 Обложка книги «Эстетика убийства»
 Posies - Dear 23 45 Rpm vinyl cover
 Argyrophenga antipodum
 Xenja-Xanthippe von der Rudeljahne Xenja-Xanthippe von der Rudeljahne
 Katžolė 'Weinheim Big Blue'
####################
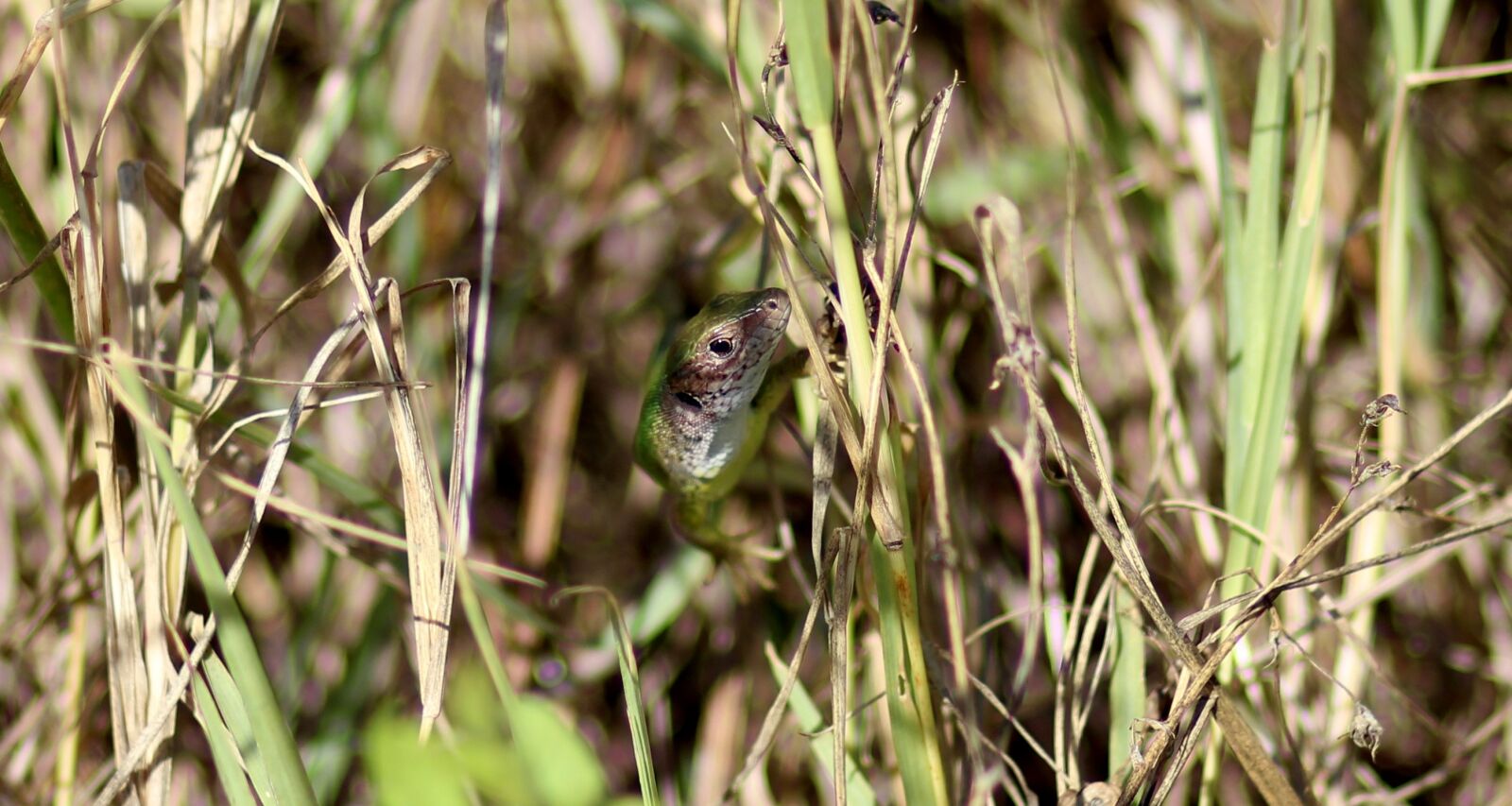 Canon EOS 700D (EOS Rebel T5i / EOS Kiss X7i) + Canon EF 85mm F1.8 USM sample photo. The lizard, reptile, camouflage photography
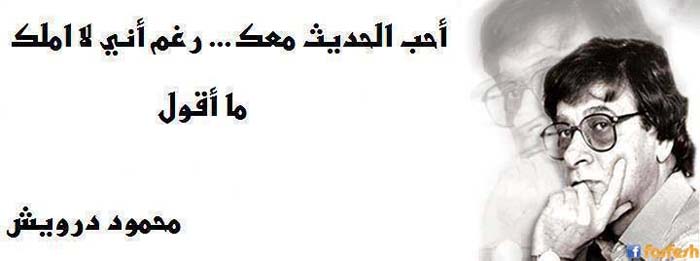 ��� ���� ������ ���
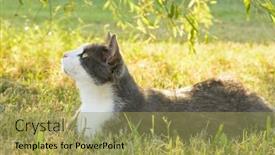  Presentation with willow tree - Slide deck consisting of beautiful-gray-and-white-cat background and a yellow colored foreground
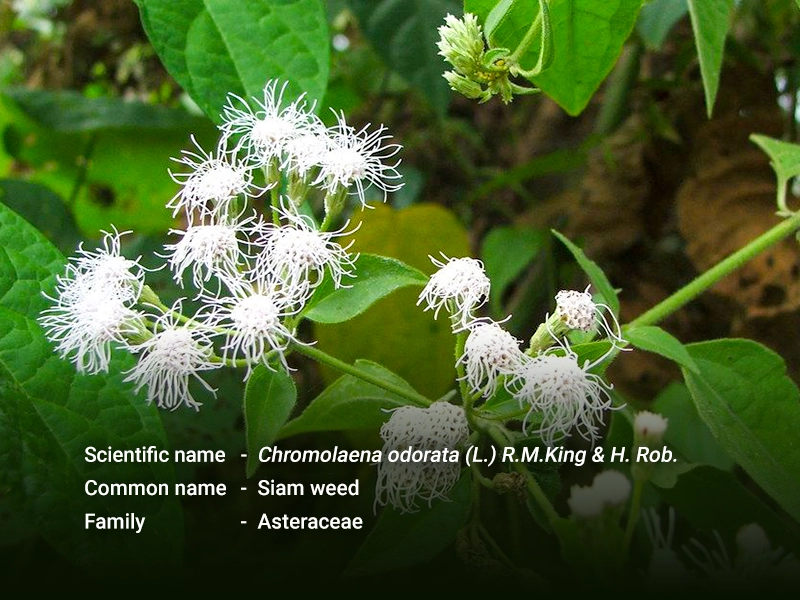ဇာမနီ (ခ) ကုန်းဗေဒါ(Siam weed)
####################
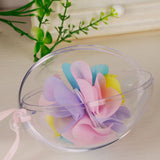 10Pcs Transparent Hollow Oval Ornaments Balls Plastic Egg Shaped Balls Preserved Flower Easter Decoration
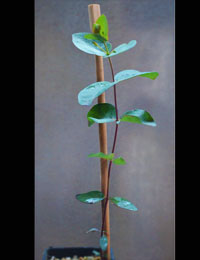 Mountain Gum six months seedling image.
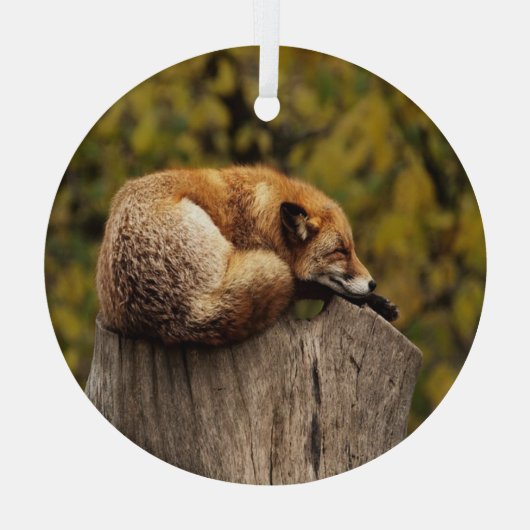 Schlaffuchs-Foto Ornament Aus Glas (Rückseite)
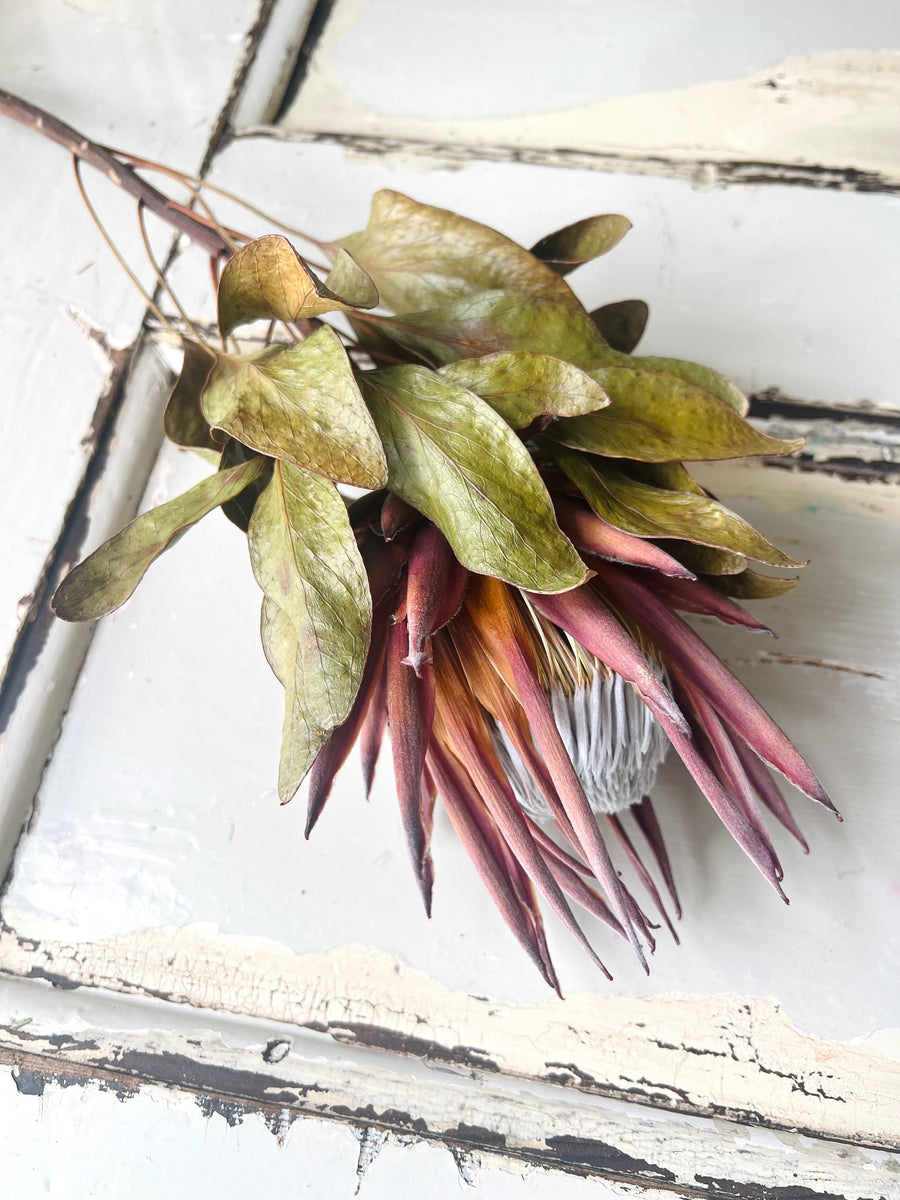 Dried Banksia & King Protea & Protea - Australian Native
####################
Would you output only the span of the records above that opens with the line containing "Mountain Gum six months seedling image." and closes with the line containing "Dried Banksia &", ends included and pictures dropped?

 Mountain Gum six months seedling image.
 Schlaffuchs-Foto Ornament Aus Glas (Rückseite)
 Dried Banksia & King Protea & Protea - Australian Native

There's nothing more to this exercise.